EMA grants positive CHMP opinion for Kygevvi® for Treatment of TK2d
International Mito Patients (IMP) and the global mitochondrial disease community are celebrating an important regulatory milestone in Europe: the European Medicines Agency’s (EMA) Committee for Medicinal Products for Human Use (CHMP) has adopted a positive opinion recommending the granting of marketing authorisation under exceptional circumstances for KYGEVVI® (doxecitine and doxribtimine) for the treatment of Thymidine Kinase 2 Deficiency (TK2d) in paediatric and adult patients whose symptoms began on or before age 12.
This positive CHMP opinion represents a critical step toward European Union approval of the first potential treatment for TK2d — an ultra-rare, life-threatening genetic mitochondrial disease that has historically had no authorised disease-modifying therapies in Europe. The recommendation now moves to the European Commission, which will make the final decision on EU-wide marketing authorisation.

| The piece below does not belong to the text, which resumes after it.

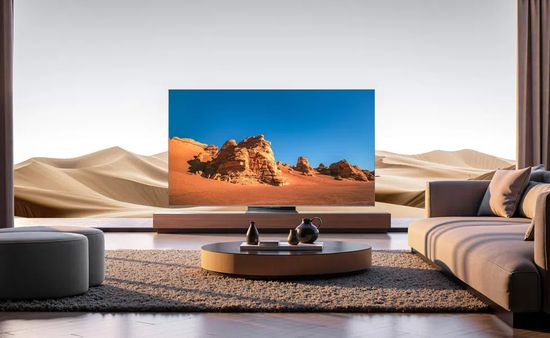 TCL C9K or QM9K TV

Transformative Progress for the TK2d Community
“Today’s positive CHMP opinion represents a momentous advance for people and families affected by TK2d across Europe,” said Paula Morandi, Chair of International Mito Patients. “For a community that has long faced a devastating disease with only supportive care options, this milestone brings renewed hope. We honour the patients, caregivers, clinicians, researchers, and advocates whose voices and experiences helped make this progress possible.”
TK2d is an ultra-rare mitochondrial DNA depletion syndrome that causes progressive muscle weakness, loss of motor function, respiratory complications, and shortened life expectancy, often beginning in early childhood. Until now, treatment options in Europe have been limited to supportive and palliative care.
About the Treatment
KYGEVVI® (doxecitine and doxribtimine), developed and manufactured by UCB, is a fixed-dose combination of pyrimidine nucleosides designed to address the underlying biochemical defect in TK2d by supporting mitochondrial DNA maintenance and function. The CHMP’s recommendation is based on clinical evidence indicating that the therapy may improve motor function and help slow disease progression in eligible patients.
Authorisation under exceptional circumstances reflects the reality of ultra-rare diseases like TK2d, where generating comprehensive datasets can be challenging. This pathway includes specific post-authorisation obligations to continue monitoring safety and effectiveness.
“We now look forward to the European Commission’s final decision,” Paula added. “As we move closer to potential approval, collaboration between regulators, healthcare systems, and patient communities will be essential to ensure timely and equitable access once authorised.”
A Global Perspective on Treatment Innovation
This European regulatory milestone follows the U.S. Food and Drug Administration (FDA) approval of KYGEVVI® in 2025 — the first authorised treatment for TK2d in the United States. Together, these decisions reflect growing global momentum in developing therapies for rare mitochondrial diseases and demonstrate the power of scientific innovation combined with strong patient advocacy.
IMP remains committed to supporting regulatory engagement, community education, and improved care pathways for people living with mitochondrial diseases worldwide.
Acknowledgements
IMP extends sincere gratitude to:
- Patients and families who participated in clinical research and shared their lived experiences
- Clinicians and researchers dedicated to advancing understanding of TK2d
- UCB, the company responsible for the development of KYGEVVI®, and its partners for their long-term scientific commitment to rare disease innovation
- Patient advocacy organisations and clinical networks working to improve awareness, diagnosis, and access
About Thymidine Kinase 2 Deficiency (TK2d)
Thymidine Kinase 2 Deficiency is a rare, inherited mitochondrial DNA depletion syndrome characterised by severe and progressive muscle weakness and associated complications. It is estimated to affect fewer than one in a million people worldwide and has historically lacked disease-modifying treatment options.